Politische Forderungen nach strengeren Regeln

Im Juni 2026 beriet der Deutsche Bundestag mehrere Anträge zum Hitzeschutz. Die Fraktion Die Linke forderte unter anderem einen stärkeren gesetzlichen Sonnen- und Hitzeschutz sowie Möglichkeiten zur Verkürzung der Arbeitszeit bei großer Hitze.

Auch Bündnis 90/Die Grünen brachte einen Antrag für einen verbindlichen, sozial gerechten und finanziell abgesicherten Hitzeschutz ein.

Diese Initiativen zeigen den politischen Handlungsbedarf. Sie sind jedoch von der geltenden Rechtslage zu unterscheiden. Die Anträge begründen derzeit keinen individuellen Anspruch auf Hitzefrei.

Häufige Fragen zum Hitzeschutz am Arbeitsplatz

Gibt es ab 26 °C automatisch Hitzefrei?

Nein.

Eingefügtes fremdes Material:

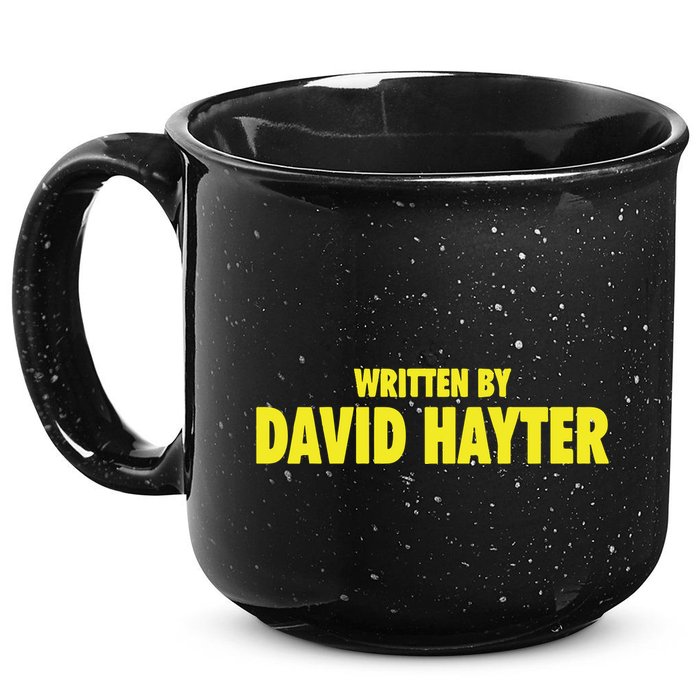 Written By David Hayter 15oz Campfire Ceramic Mug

Bei mehr als 26 °C sollen unter den Voraussetzungen der ASR zusätzliche Schutzmaßnahmen ergriffen werden. Ein Anspruch, nach Hause zu gehen, entsteht daraus nicht.

Muss der Arbeitgeber ab 30 °C Getränke bereitstellen?

Bei einer Lufttemperatur von mehr als 30 °C nennt die ASR die Bereitstellung geeigneter Getränke als erforderliche Maßnahme. Welche weiteren Maßnahmen notwendig sind, bestimmt die Gefährdungsbeurteilung.

Darf bei mehr als 35 °C weitergearbeitet werden?

Nur wenn besondere Maßnahmen ein ausreichendes Schutzniveau gewährleisten. Ohne solche Maßnahmen ist der Raum nicht als Arbeitsraum geeignet.

Ist eine Klimaanlage vorgeschrieben?

Nicht automatisch. Der Arbeitgeber kann technische, organisatorische und personenbezogene Maßnahmen kombinieren. Sie müssen die Belastung aber tatsächlich wirksam reduzieren.

Darf man wegen Kreislaufproblemen die Arbeit beenden?

Akute Beschwerden müssen sofort gemeldet und medizinisch beurteilt werden. Ob Arbeitsunfähigkeit besteht, ist eine medizinische Frage. Bei schweren Symptomen muss die betriebliche Rettungskette aktiviert werden.

Fazit: Kein automatisches Hitzefrei, aber verbindliche Schutzpflichten

Die Aussage „Ab 26 °C gibt es Hitzefrei“ ist falsch. Ein allgemeiner gesetzlicher Anspruch auf Hitzefrei besteht nicht.

Dennoch gelten klare Schutzstufen:

  • Bei mehr als 26 °C sollen geeignete Maßnahmen umgesetzt werden.
  • Bei mehr als 30 °C muss der Arbeitgeber wirksame Maßnahmen ergreifen.
  • Bei mehr als 35 °C ist ein Raum ohne besondere Schutzmaßnahmen nicht als Arbeitsraum geeignet.

Gerade Einrichtungen des Gesundheitswesens benötigen abgestufte Hitzeschutzpläne, klare Verantwortlichkeiten, funktionierende Trink- und Pausenregelungen sowie langfristige bauliche Verbesserungen. Nur so lassen sich Beschäftigte und die ihnen anvertrauten Menschen zuverlässig schützen.

Zuletzt fachlich geprüft am 31.07.2026.